» Task instructions:
In the material below, find the line with "High-End Minimalism Art"; set down that line and every line after it to the end, exactly, without pictures.

» Supplied material:
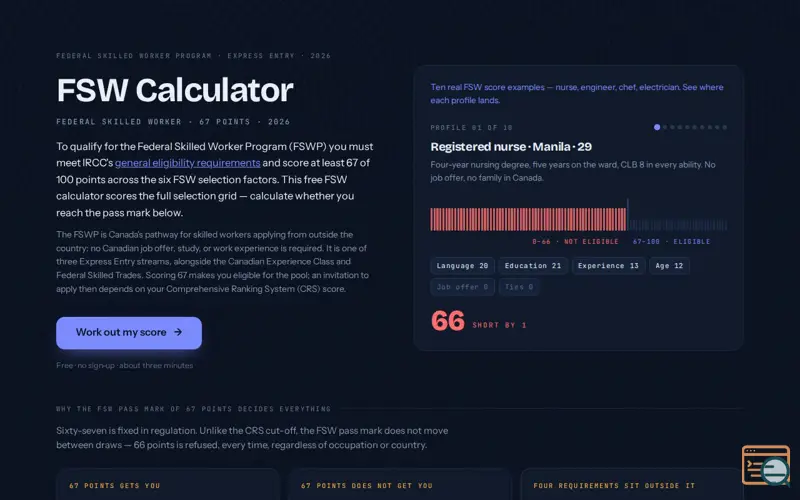 Screenshot of Fswcalculator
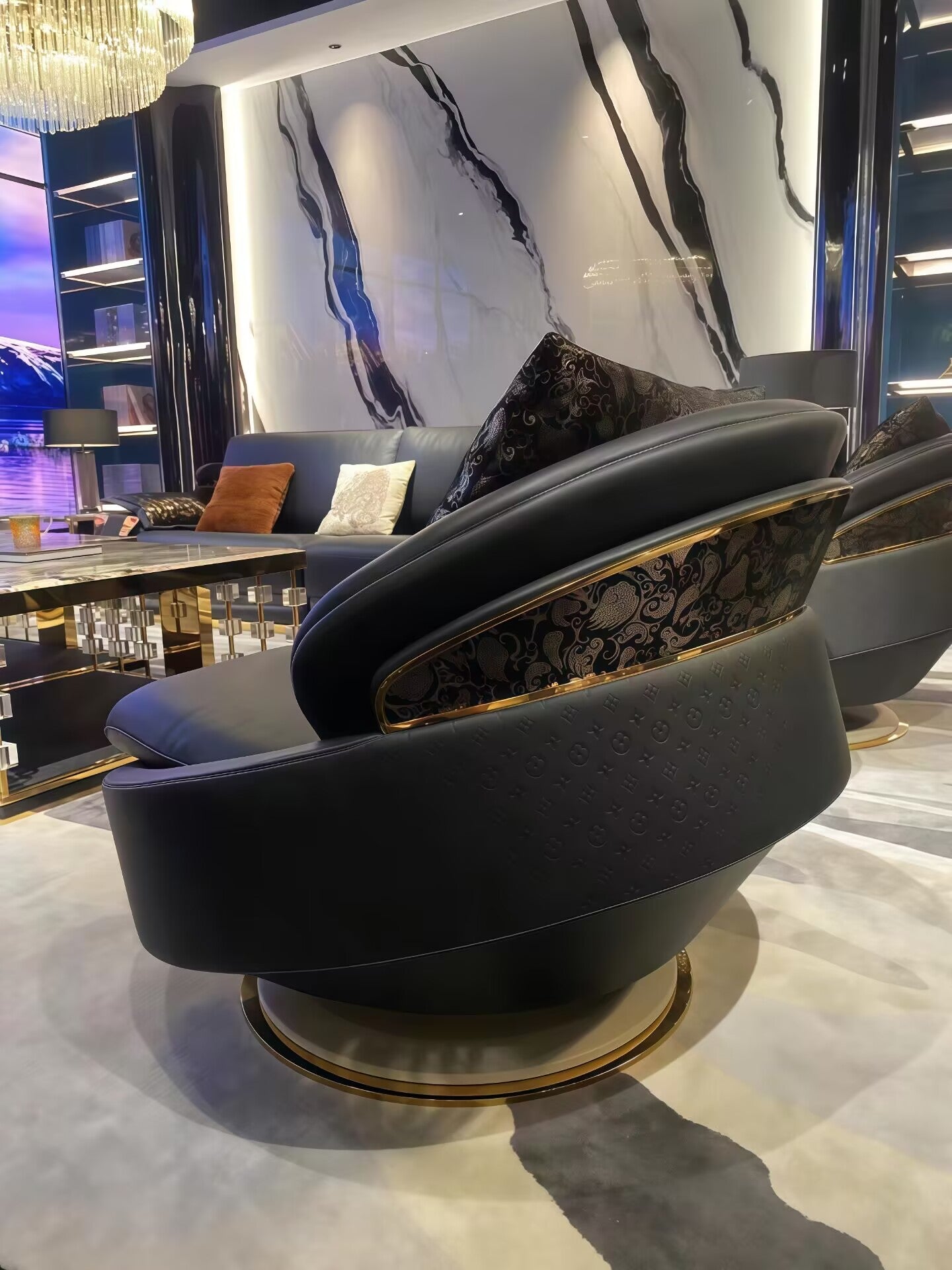 High-End Minimalism Art Customize Genuine Leather Sofa Chair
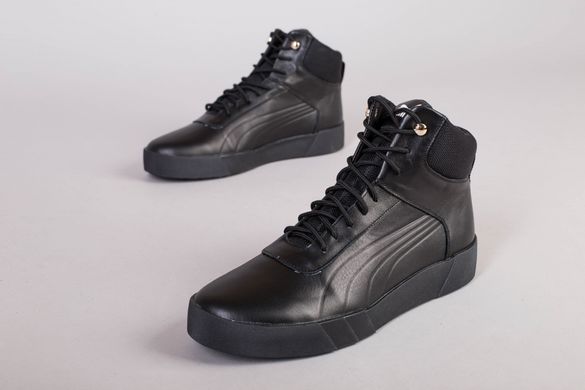 Мужские зимние кожаные черные ботинки, 45, 30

» Response to the task:
 High-End Minimalism Art Customize Genuine Leather Sofa Chair
 Мужские зимние кожаные черные ботинки, 45, 30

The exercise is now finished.